È da sfatare la leggenda che vuole l’acqua addizionata a CO2 immune dalla contaminazione batterica. L’anidride carbonica disciolta è certamente un elemento batteriostatico, rallenta la carica batterica ma non la impedisce. 

La Pseudomonas aeruginosa è un batterio ubiquitario, presente nell’acqua, nel biofilm, nel suolo e sulle piante. Il suo rilevamento nelle acque è generalmente indice del deterioramento della qualità microbiologica dell’acqua, dovuto alla presenza di nutrienti, a una riduzione della velocità di flusso di acqua nelle reti o a trattamenti di potabilizzazione insufficienti. 

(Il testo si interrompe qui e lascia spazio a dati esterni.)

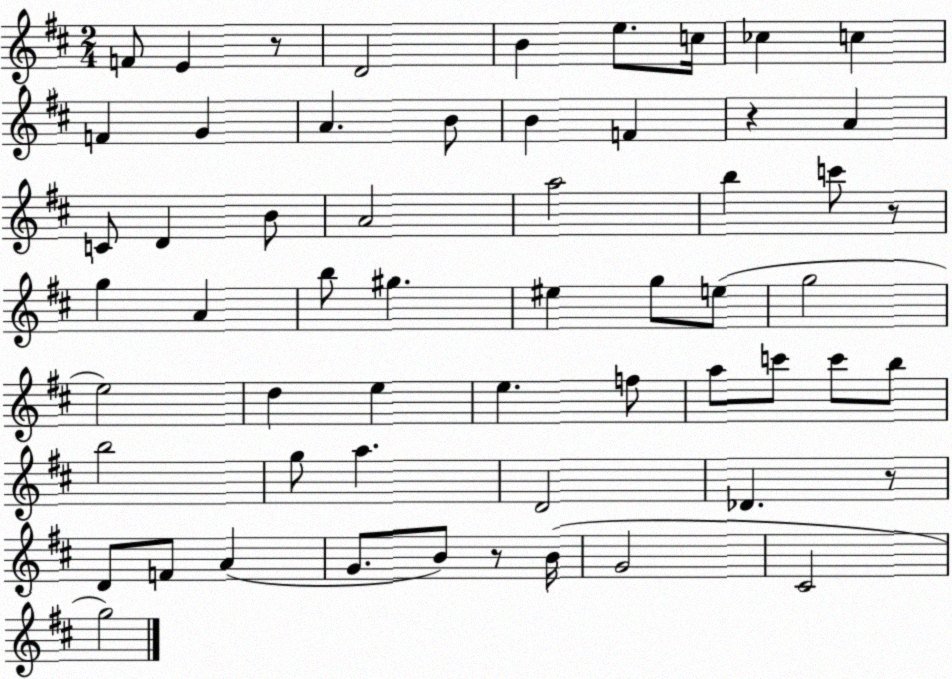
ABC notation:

X:1
T:Untitled
M:2/4
L:1/4
K:D
F/2 E z/2 D2 B e/2 c/4 _c c F G A B/2 B F z A C/2 D B/2 A2 a2 b c'/2 z/2 g A b/2 ^g ^e g/2 e/2 g2 e2 d e e f/2 a/2 c'/2 c'/2 b/2 b2 g/2 a D2 _D z/2 D/2 F/2 A G/2 B/2 z/2 B/4 G2 ^C2 g2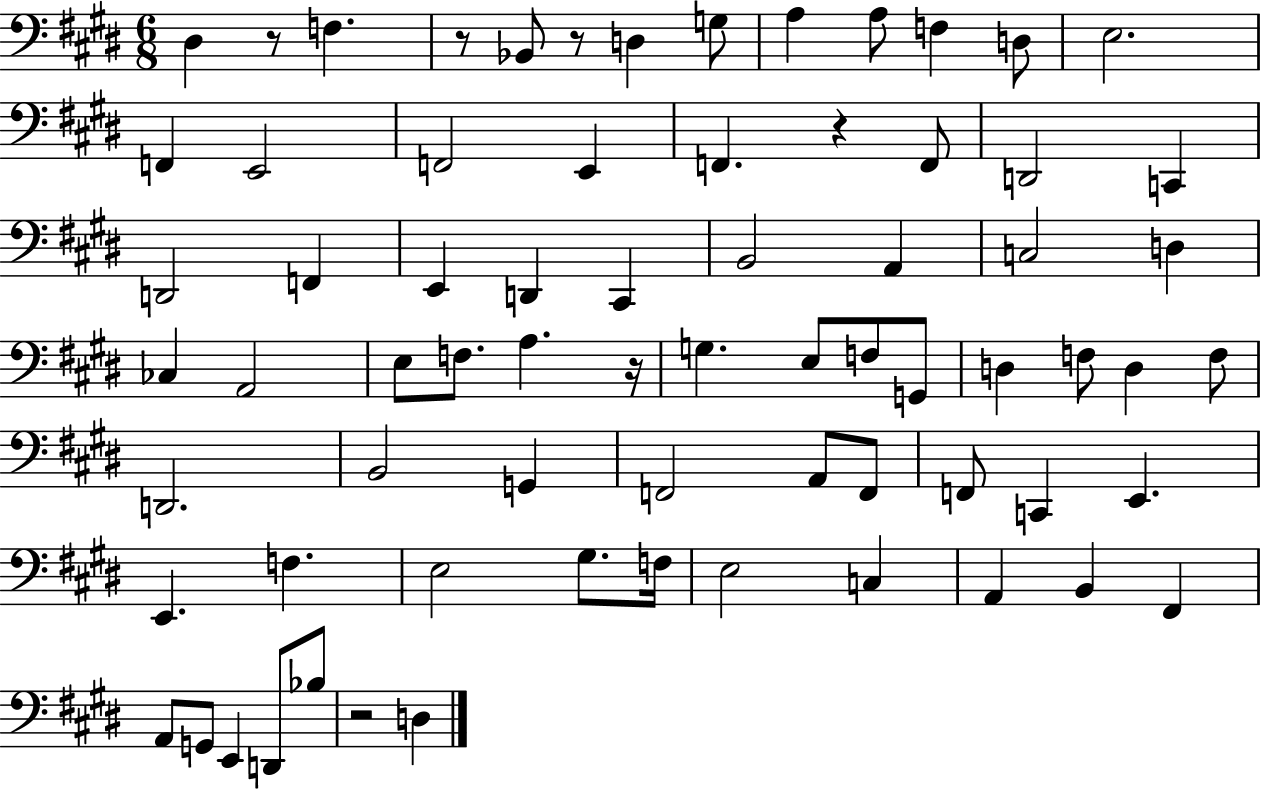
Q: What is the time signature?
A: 6/8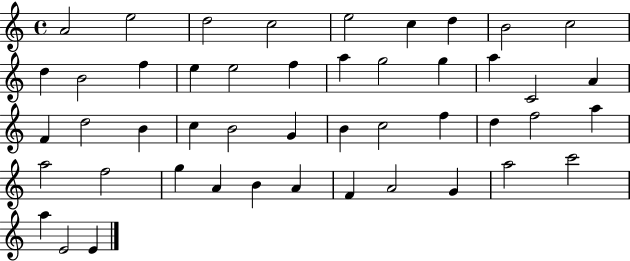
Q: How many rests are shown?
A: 0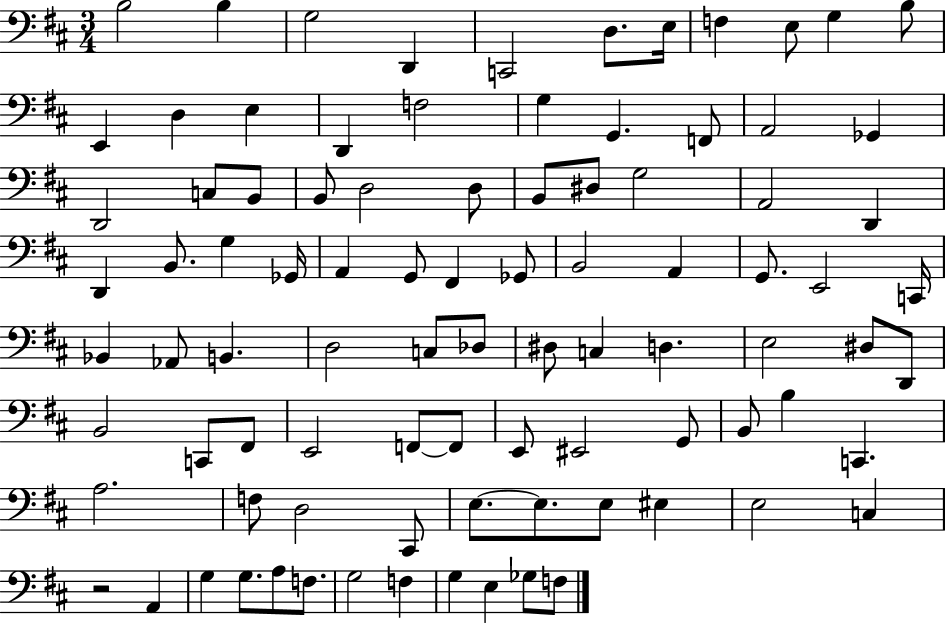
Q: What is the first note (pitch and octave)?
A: B3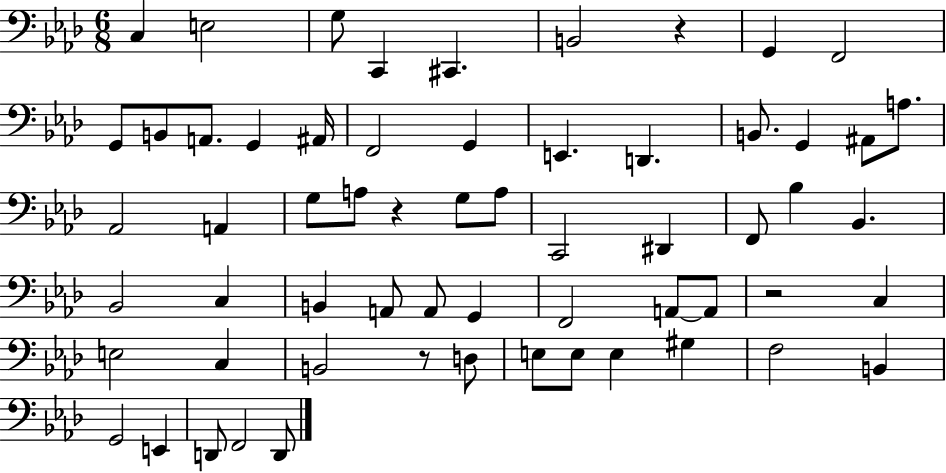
{
  \clef bass
  \numericTimeSignature
  \time 6/8
  \key aes \major
  c4 e2 | g8 c,4 cis,4. | b,2 r4 | g,4 f,2 | \break g,8 b,8 a,8. g,4 ais,16 | f,2 g,4 | e,4. d,4. | b,8. g,4 ais,8 a8. | \break aes,2 a,4 | g8 a8 r4 g8 a8 | c,2 dis,4 | f,8 bes4 bes,4. | \break bes,2 c4 | b,4 a,8 a,8 g,4 | f,2 a,8~~ a,8 | r2 c4 | \break e2 c4 | b,2 r8 d8 | e8 e8 e4 gis4 | f2 b,4 | \break g,2 e,4 | d,8 f,2 d,8 | \bar "|."
}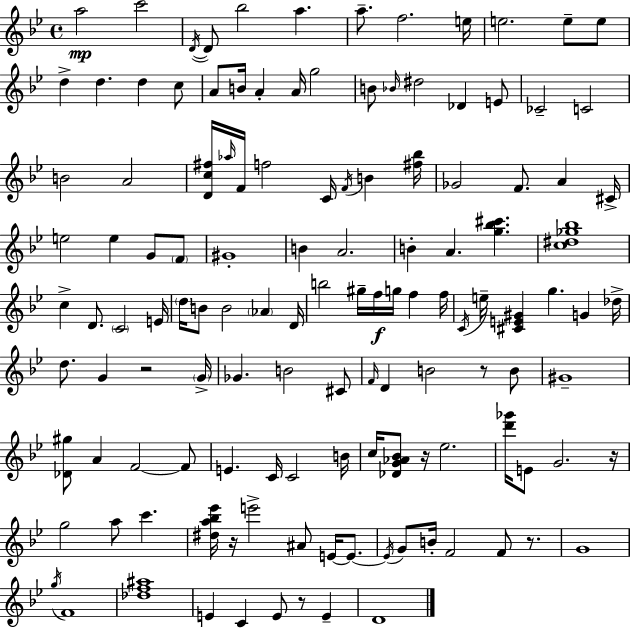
{
  \clef treble
  \time 4/4
  \defaultTimeSignature
  \key g \minor
  \repeat volta 2 { a''2\mp c'''2 | \acciaccatura { d'16~ }~ d'8 bes''2 a''4. | a''8.-- f''2. | e''16 e''2. e''8-- e''8 | \break d''4-> d''4. d''4 c''8 | a'8 b'16 a'4-. a'16 g''2 | b'8 \grace { bes'16 } dis''2 des'4 | e'8 ces'2-- c'2 | \break b'2 a'2 | <d' c'' fis''>16 \grace { aes''16 } f'16 f''2 c'16 \acciaccatura { f'16 } b'4 | <fis'' bes''>16 ges'2 f'8. a'4 | cis'16-> e''2 e''4 | \break g'8 \parenthesize f'8 gis'1-. | b'4 a'2. | b'4-. a'4. <g'' bes'' cis'''>4. | <c'' dis'' ges'' bes''>1 | \break c''4-> d'8. \parenthesize c'2 | e'16 \parenthesize d''16 b'8 b'2 \parenthesize aes'4 | d'16 b''2 gis''16-- f''16\f g''16 f''4 | f''16 \acciaccatura { c'16 } e''16-- <cis' e' gis'>4 g''4. | \break g'4 des''16-> d''8. g'4 r2 | \parenthesize g'16-> ges'4. b'2 | cis'8 \grace { f'16 } d'4 b'2 | r8 b'8 gis'1-- | \break <des' gis''>8 a'4 f'2~~ | f'8 e'4. c'16 c'2 | b'16 c''16 <des' g' aes' bes'>8 r16 ees''2. | <d''' ges'''>16 e'8 g'2. | \break r16 g''2 a''8 | c'''4. <dis'' a'' bes'' ees'''>16 r16 e'''2-> | ais'8 e'16~~ e'8.~~ \acciaccatura { e'16 } g'8 b'16-. f'2 | f'8 r8. g'1 | \break \acciaccatura { g''16 } f'1 | <des'' f'' ais''>1 | e'4 c'4 | e'8 r8 e'4-- d'1 | \break } \bar "|."
}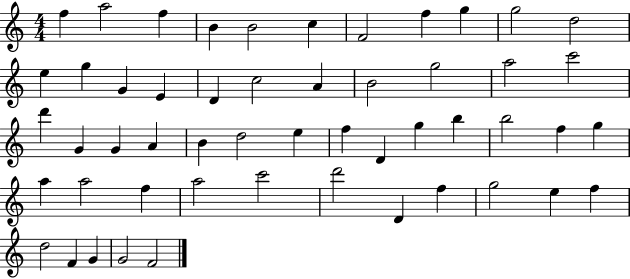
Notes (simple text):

F5/q A5/h F5/q B4/q B4/h C5/q F4/h F5/q G5/q G5/h D5/h E5/q G5/q G4/q E4/q D4/q C5/h A4/q B4/h G5/h A5/h C6/h D6/q G4/q G4/q A4/q B4/q D5/h E5/q F5/q D4/q G5/q B5/q B5/h F5/q G5/q A5/q A5/h F5/q A5/h C6/h D6/h D4/q F5/q G5/h E5/q F5/q D5/h F4/q G4/q G4/h F4/h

Sono serbatoi di diffusione del microrganismo i punti di erogazione degli impianti di distribuzione dell’acqua, come rubinetti, docce, ecc difficilmente raggiungibili dal disinfettante residuo presente nelle acque, nelle acque superficiali, reflue e marine, nel biofilm, su suoli, vegetazione e in generale, in tutti gli ambienti umidi. 

È in grado di moltiplicarsi nel biofilm e ne rappresenta uno dei microrganismi tipici. Infatti è in grado di aderire a superfici umide o in contatto con liquidi grazie alla produzione, da parte di ceppi mucoidi o non mucoidi, di lipopolisaccaridi e glicoproteine extracellulari. 

Si tratta di un microrganismo caratterizzato da un’elevata capacità di adattamento, in grado di crescere in acqua distillata e di sopravvivere nei più comuni disinfettanti. Si moltiplica facilmente, raggiungendo concentrazioni elevate, anche nelle acque poco favorevoli allo sviluppo della flora e della fauna. Risulta essere un tipici patogeno opportunista.